*** Dataset content Section Begins ***
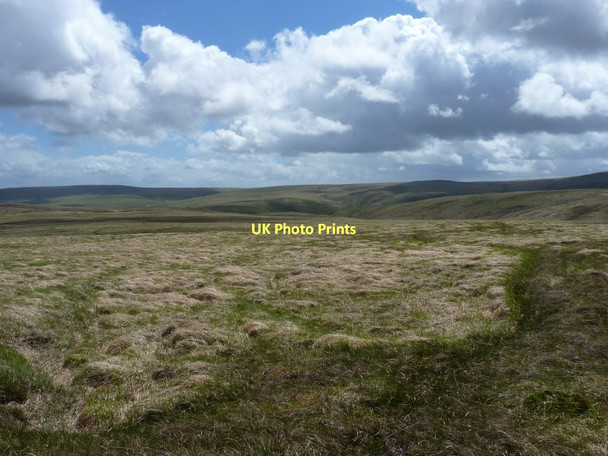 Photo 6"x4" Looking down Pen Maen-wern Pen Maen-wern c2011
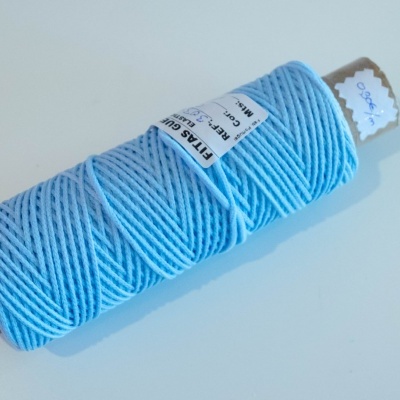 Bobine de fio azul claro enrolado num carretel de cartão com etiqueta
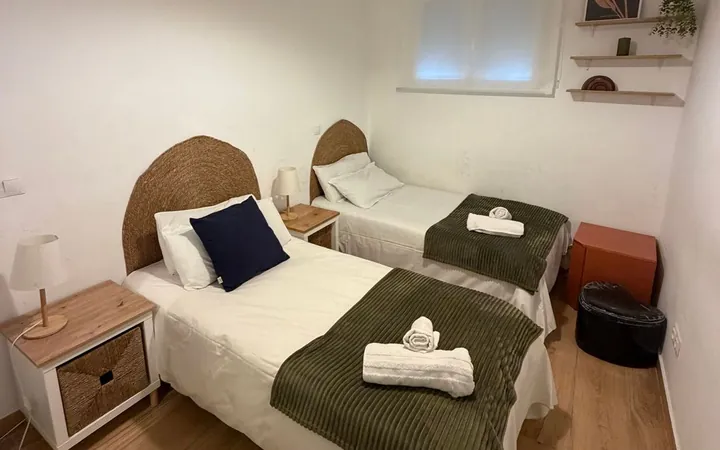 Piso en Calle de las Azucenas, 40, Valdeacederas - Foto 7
*** Dataset content Section Ends ***
* **Problem statement**: Apart from the pictures, the whole listing should be reproduced exactly.

* **Exercise output**:
 Photo 6"x4" Looking down Pen Maen-wern Pen Maen-wern c2011
 Bobine de fio azul claro enrolado num carretel de cartão com etiqueta
 Piso en Calle de las Azucenas, 40, Valdeacederas - Foto 7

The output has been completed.